You should turn in both your source code and a description of your agent's strategy. What aspects of your agent are reflexive? Problem solving? Logical?

**4.7.** [6 points] CHALLENGE

The challenge for this problem set is to make your wumpus agent as high-scoring as possible on the first 100 test cases (just run the WumpusGrader with 100 as a command line argument). For the challenge, however, you can take risks: you do not need to survive each round. There are several things you can try to improve your score:

- Is it worth while to go out of your way to kill the wumpus, even if you can retrieve the gold? When? Might it be worth while to take a shot at the wumpus even if you're not sure exactly which cell it's in?
- It is okay to risk death in order to maximize your score. How would you decide when to do so? How would you estimate the probability that a cell contains a pit? Given uncertain information, how would you compute the expected score associated with travelling from one point to another?
- What is the best exploration strategy? How can you efficiently find the gold with a minimum of back tracking? There's a Travelling Salesman Problem lurking within, and the problem changes every time you perceive something!
- Can you take into account the information that you will gain in the future? I.e., might it be useful to go somewhere in order to collect percept data even if it's not otherwise on the "shortest path"? (This is hard! If you want to read ahead about these approaches, see R&N's chapter on Sequential Decision Processes).

Describe your approach.

**Submission Instructions**

Your challenge score will be your average score over the full 100 test cases. This is a large number in order to encourage you to develop reasonably fast methods, and to make it difficult to "tune" your approach to specific cases.

Capture the entire text output of your program on 100 test cases with something like:

java -jar wumpus.jar wumpus.MyAgent 100 | tee myscores.txt

Upload the file myscores.txt to the leaderboard.

For your information, the staff's uninspired solution scores an average of 26, and takes about 2 minutes to run.

The winner of this challenge will not be the first place team on the leaderboard. Instead, the top four teams on the leaderboard will become "finalists". We will run your code on a DIFFERENT set of 100 test cases. The actual winner will be announced in lecture!

## Task 5. Certification and Peer Evaluation [required for credit, 0 points][edit]

Print or write the following on a sheet of paper:

**"I participated and contributed to team discussions on each problem, and I attest to the integrity of each solution.
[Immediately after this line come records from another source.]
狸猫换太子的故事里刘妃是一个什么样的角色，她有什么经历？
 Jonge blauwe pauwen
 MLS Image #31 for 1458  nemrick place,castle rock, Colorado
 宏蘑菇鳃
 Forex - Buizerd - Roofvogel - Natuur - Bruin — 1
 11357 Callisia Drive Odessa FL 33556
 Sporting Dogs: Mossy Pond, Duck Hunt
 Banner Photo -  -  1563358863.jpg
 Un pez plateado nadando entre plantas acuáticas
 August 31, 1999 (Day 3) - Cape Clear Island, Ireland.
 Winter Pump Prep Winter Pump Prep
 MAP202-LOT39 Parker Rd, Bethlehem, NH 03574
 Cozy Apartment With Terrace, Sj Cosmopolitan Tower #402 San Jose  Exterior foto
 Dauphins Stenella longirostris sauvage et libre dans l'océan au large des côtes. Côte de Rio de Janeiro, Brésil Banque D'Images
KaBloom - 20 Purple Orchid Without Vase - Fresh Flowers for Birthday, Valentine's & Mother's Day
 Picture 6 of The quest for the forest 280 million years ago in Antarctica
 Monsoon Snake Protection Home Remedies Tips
Our team met as a group on [DATE(S)]." **

Each team member should sign the paper (physically, not digitally), and a photo of the paper should be included with your problem set. By doing so, you are asserting that you were materially involved in each answer, and that you certify that every solution complies with the collaboration policy of this course. In the event of a violation of the course's guidelines, your certification will be forwarded to the honor council.

If the statement requires qualification (i.e., it's not quite true), please describe the issue and the steps you took to mitigate it. If a team member did not materially contribute to a particular solution, then their score on that problem will generally be reduced. The staff will use their discretion based on the specific circumstances you identify, and we are happy to discuss potential problems prior to the problem set due date.

If your team works together, as required, this will be painless! :)

Each member of your team must also complete a peer evaluation, accessible from the apps page.

Your evaluations of your teammates will remain private. If problems develop with your team, it is up to your team to resolve them: we will not intercede except in the most extreme situations.